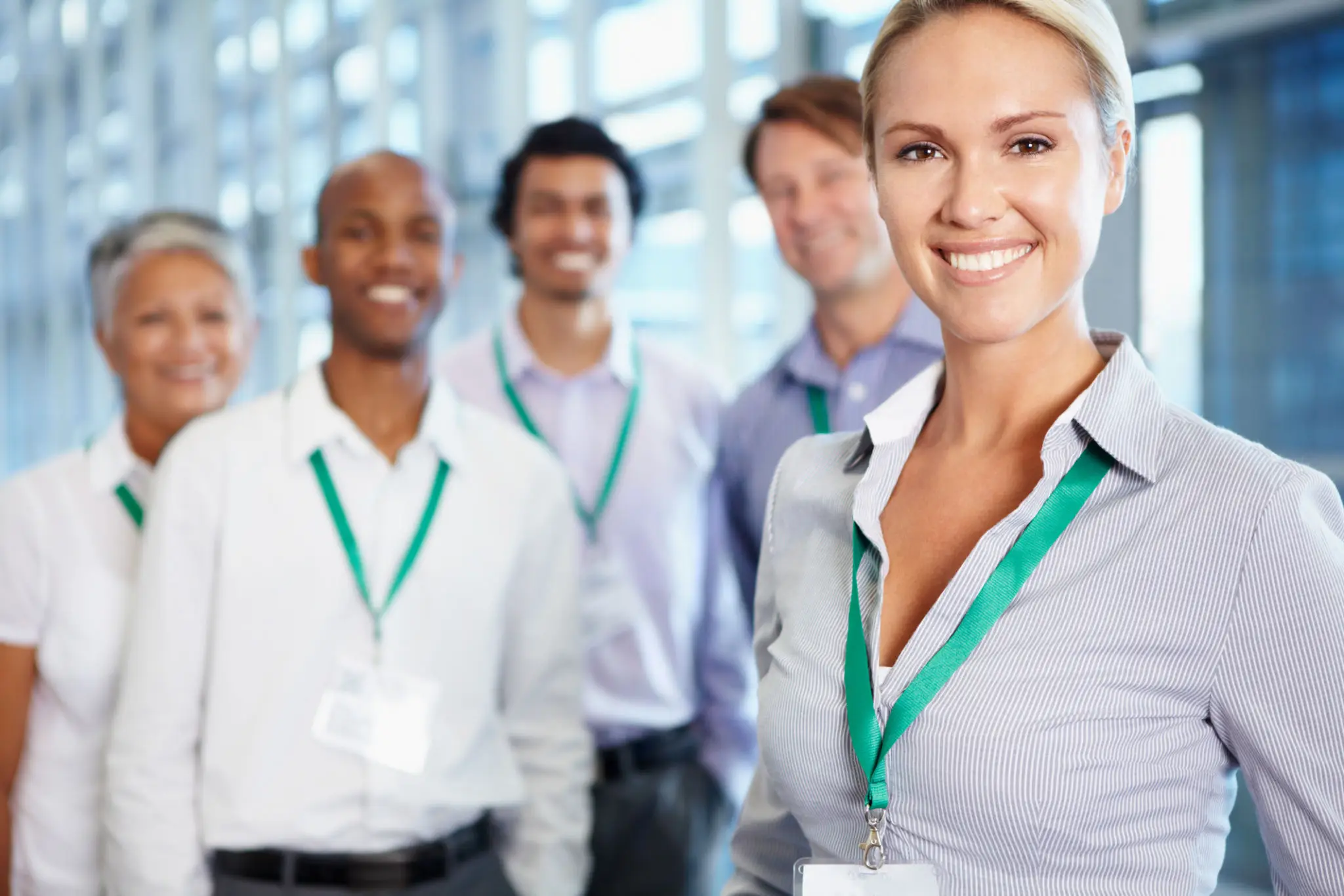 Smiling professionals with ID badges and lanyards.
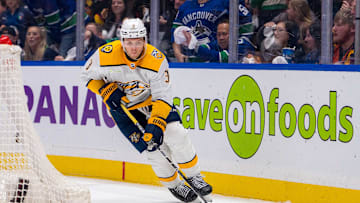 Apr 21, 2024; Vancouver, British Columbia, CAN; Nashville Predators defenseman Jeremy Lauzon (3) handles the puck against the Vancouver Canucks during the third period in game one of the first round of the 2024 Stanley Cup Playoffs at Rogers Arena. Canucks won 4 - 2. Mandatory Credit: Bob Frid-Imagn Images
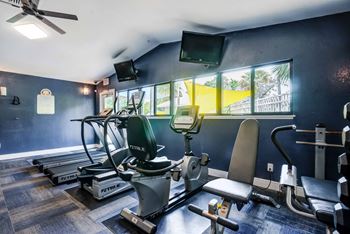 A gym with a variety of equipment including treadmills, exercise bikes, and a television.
--*--
## Directions for this task
Please return the listing above exactly and leave every picture out.

## Result for this task
 Smiling professionals with ID badges and lanyards.
 Apr 21, 2024; Vancouver, British Columbia, CAN; Nashville Predators defenseman Jeremy Lauzon (3) handles the puck against the Vancouver Canucks during the third period in game one of the first round of the 2024 Stanley Cup Playoffs at Rogers Arena. Canucks won 4 - 2. Mandatory Credit: Bob Frid-Imagn Images
 A gym with a variety of equipment including treadmills, exercise bikes, and a television.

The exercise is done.